### Your goal
In the listing below, find the line containing "Béžovo-krémový vnútorný a". Write out that line and every line after it to the end, exactly and only those.
__________________________________________________
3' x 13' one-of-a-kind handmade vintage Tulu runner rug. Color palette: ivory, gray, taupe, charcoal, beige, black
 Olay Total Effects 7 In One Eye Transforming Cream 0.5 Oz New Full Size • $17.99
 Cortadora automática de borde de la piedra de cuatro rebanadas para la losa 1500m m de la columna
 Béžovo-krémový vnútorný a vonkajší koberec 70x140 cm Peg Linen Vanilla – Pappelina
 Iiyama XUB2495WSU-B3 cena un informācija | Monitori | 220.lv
__________________________________________________
### Result
 Béžovo-krémový vnútorný a vonkajší koberec 70x140 cm Peg Linen Vanilla – Pappelina
 Iiyama XUB2495WSU-B3 cena un informācija | Monitori | 220.lv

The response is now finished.